Saturday, February 16, 2013

666 Park Avenue: The Comfort of Death (1.10)

Let's talk about pacing. 666 Park Avenue premiered in September a lightweight supernatural thriller with a pulpy, reasonably strong premise. But it quickly became one of those shows that never knew when to pursue or retreat from arc-driven storytelling, ABC presumably wanting a series that could play as a standalone anthology show as well as a serialized drama. Because that always works out.
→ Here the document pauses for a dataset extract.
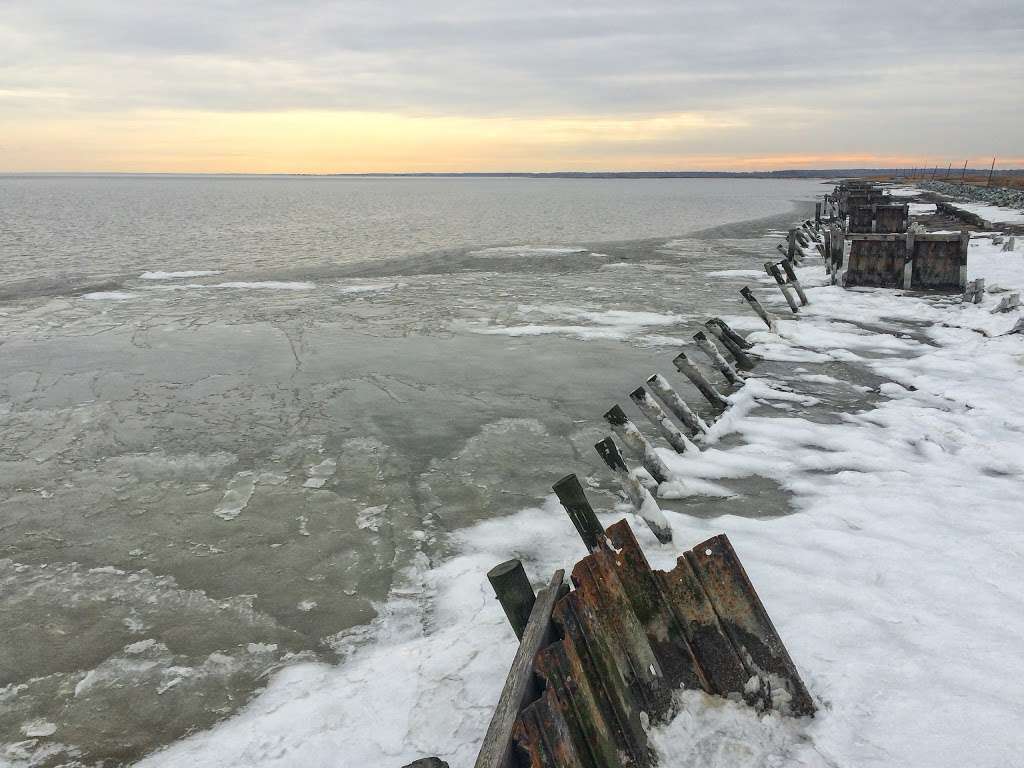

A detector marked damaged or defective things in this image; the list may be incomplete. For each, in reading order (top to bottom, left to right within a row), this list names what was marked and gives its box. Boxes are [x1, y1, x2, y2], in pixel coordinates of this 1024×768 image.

rusted metal sheet pile [472, 480, 816, 768]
In the end, however, like so many of those hybrid shows, the standalone elements were primarily weak, while the major story arcs were dragged out to such an extent that it became easy to drift away from 666 itself.

Which brings us to The Comfort of Death, the first episode to air following ABC's decision to pull it from Sunday nights. Pacing is a major point here, as there seems to be an immediate flood of momentum this week, as if the writers realized that slow, precise plotting just can't work for a show like this one. As convoluted as something like American Horror Story gets, it at least deserves credit for acknowledging that burning through story works wonders for this kind of genre.
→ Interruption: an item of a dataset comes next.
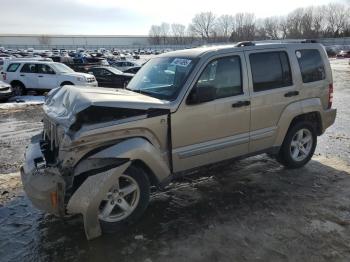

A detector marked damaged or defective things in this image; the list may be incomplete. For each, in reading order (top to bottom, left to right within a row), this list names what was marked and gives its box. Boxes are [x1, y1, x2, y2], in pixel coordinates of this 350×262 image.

Last time we saw these guys, the long-thought-dead Sasha Doran had been exposed as shady media consultant Laurel Harris, and here we see something of a family reunion -- only with Sasha being all Machiavellian and awkward, the motive for faking her death still up in the air. There's a surprisingly little amount of family dysfunctional here, which frustrates, the bulk of Doran-related screentime given to Henry's city council aspirations. This arc is an area in which 666 hasn't improved, since it's very much about delaying tactics instead of anything concrete or focused. Henry, too, is an issue, since he's never been an active participant in any of it. He's always blathered and seemed sort of uninterested in it all, more than willing to get swept up in political intrigue instead of pursuing it on his own terms. It's made it pretty dull as a storyline.
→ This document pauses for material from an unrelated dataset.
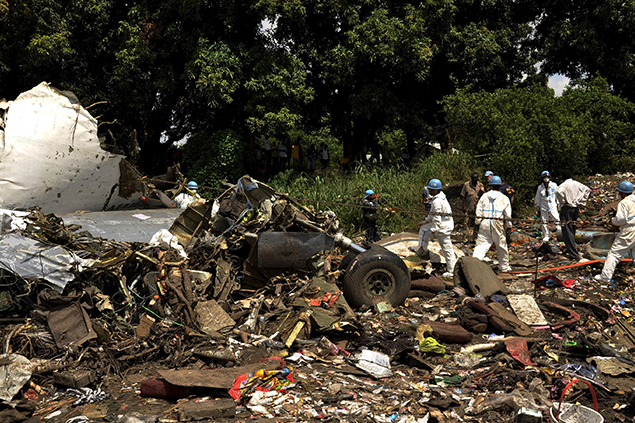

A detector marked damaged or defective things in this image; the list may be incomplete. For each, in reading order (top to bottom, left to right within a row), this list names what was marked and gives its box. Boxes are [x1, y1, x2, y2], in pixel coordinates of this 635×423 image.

A similar feeling is definitely present in the Jane story, but it at least features the plot moving forward in some capacity, even if it's still being depicted in the exact same way it always has. Here Jane discovers that she needs to release the spirit of her ancestor's babysitter (the one that got sacrificed in that flashback vision quest) in order to halt the Drake's wacky karmic voodoo, sending her down another road of exposition and spooky CGI. There are some interesting aspects to this, including the sudden ambiguity given to Detective Cooper, but it's annoying that the show never found a way to present all of it in a way that didn't just involve Jane wandering around with a flashlight. It's sort of Ringer-ish, a vacant blonde drifting between clues that she just happens to stumble upon. At least we have an actual villain now, a member of the Order of the Dragon cult who reappears in Manhattan following a kooky skin-peel party. That was kind of cool.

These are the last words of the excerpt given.